Hydroxychloroquine for Covid-19

well T1D is a lot harder nut to crack than a virus. If they find that cure in 5 years I’ll eat my hat of course, but it’s not so much that I have a ton of “faith” in the scientific process as much as I can just see that we have made a lot more progress in general on antiviral treatments and I think this is a fundamentally easier problem than solving T1D. I guess I don’t have faith in the scientific process, it’s more the math. If you have millions of people to enroll in trials over a short period of time (which the world unfortunately will), we will have results very quickly. Most trials drag on because they struggle to recruit patients, or because seeing the outcome will take years or months. We have a real shot at finding effective treatments for this disease in weeks assuming we don’t make it difficult to recruit people for trials – which can happen if lots of drugs are being prescribed, willy-nilly, off label, and not tracked. Imagine you’d need 300 newly-diagnosed T1Ds to see if a honeymoon treatment is effective – we need to wait a MINIMUM of two years just to recruit patients because only 40,000 people in this country are diagnosed each year. For those with long-standing T1D, we have more options, but also the treatments are currently risky enough and invasive enough that finding a person who’s managing just fine with their diabetes who is willing to try an experimental treatment that could have severe effects, well, that’s more challenging.

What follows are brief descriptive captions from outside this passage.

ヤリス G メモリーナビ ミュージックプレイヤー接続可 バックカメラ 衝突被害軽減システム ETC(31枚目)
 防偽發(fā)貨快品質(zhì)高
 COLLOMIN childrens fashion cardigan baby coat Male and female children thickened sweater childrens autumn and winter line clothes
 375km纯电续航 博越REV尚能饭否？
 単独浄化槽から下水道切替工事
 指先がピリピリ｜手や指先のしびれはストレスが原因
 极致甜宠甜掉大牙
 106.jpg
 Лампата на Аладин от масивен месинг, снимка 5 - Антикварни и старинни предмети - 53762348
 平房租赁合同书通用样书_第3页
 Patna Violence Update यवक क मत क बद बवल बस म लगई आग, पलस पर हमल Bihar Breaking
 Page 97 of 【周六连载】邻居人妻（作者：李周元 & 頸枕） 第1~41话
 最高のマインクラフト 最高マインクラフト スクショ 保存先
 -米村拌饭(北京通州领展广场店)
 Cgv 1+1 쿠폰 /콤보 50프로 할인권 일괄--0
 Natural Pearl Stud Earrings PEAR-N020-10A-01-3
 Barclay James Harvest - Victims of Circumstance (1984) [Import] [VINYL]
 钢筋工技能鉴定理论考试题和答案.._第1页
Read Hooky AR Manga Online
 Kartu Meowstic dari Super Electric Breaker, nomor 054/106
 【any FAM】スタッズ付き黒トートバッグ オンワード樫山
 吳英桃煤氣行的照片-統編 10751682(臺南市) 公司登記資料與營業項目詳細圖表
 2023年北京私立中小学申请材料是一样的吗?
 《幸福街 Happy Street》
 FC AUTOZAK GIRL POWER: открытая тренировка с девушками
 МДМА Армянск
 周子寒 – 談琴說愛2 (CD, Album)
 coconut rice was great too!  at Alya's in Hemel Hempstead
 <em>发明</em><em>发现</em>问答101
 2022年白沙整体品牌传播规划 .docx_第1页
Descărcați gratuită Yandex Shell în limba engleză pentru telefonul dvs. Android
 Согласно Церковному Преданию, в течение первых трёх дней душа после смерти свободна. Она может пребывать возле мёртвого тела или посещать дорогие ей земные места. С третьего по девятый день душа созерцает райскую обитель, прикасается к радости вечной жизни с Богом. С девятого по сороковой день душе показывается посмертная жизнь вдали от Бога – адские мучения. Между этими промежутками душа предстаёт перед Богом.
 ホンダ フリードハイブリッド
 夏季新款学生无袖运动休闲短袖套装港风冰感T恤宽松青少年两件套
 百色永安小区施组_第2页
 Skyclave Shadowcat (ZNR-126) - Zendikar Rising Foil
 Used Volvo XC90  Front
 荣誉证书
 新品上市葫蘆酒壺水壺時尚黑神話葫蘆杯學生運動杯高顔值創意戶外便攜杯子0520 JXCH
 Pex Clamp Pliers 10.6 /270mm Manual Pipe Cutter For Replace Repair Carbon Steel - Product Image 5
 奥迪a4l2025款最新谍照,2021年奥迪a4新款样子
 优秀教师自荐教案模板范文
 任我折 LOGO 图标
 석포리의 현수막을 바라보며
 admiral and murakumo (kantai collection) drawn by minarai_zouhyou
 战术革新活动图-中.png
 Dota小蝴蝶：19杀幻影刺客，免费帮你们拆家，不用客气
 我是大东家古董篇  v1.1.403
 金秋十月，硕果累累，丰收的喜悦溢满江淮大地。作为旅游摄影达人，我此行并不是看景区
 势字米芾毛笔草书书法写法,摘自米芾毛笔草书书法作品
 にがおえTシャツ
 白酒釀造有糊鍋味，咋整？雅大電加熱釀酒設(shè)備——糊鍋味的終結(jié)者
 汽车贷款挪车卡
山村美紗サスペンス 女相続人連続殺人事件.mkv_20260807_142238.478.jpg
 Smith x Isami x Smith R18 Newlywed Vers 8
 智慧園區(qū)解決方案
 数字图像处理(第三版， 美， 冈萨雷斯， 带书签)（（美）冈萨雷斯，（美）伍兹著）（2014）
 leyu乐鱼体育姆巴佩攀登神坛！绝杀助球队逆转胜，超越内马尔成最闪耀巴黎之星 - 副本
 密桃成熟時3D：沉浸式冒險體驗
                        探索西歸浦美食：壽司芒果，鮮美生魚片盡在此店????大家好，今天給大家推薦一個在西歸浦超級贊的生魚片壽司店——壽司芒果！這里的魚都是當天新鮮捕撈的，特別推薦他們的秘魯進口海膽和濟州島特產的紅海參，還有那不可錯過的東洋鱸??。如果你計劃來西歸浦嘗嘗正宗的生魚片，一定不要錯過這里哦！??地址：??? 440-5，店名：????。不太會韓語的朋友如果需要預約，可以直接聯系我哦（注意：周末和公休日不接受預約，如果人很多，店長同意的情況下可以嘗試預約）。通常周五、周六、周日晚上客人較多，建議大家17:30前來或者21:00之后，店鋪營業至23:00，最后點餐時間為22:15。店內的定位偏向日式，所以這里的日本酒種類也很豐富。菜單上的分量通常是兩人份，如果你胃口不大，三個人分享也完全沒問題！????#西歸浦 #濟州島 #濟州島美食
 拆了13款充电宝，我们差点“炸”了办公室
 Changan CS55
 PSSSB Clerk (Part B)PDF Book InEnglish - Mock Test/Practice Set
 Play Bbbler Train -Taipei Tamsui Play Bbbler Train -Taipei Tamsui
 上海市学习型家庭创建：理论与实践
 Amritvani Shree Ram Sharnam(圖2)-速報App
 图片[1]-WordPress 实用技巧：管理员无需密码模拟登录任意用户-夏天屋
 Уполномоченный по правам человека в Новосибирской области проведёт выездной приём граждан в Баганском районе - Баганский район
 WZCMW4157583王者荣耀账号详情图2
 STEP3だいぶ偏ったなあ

Compare that to this virus; if say 20% are hospitalized, and we can see within three weeks if our interventions reduce time to hospitalization, the fraction of people who go on to require a ventilator or ICU bed, or die, and hundreds of thousands of people will be sickened just in the next week in our country alone, AND we don’t have to work hard to find those patients --they’re all hospitalized and under doctor’s care and they are already facing a huge risk of incredibly invasive, Hail Mary type treatments like ventilators – well, quickly filling a trial and getting results is a lot easier and quicker. Also, we haven’t cured a single autoimmune disease as far as I know, at least not unless maybe someone gets their bone marrow wiped out or something. So to me, these are just different scientific problems and not really comparable.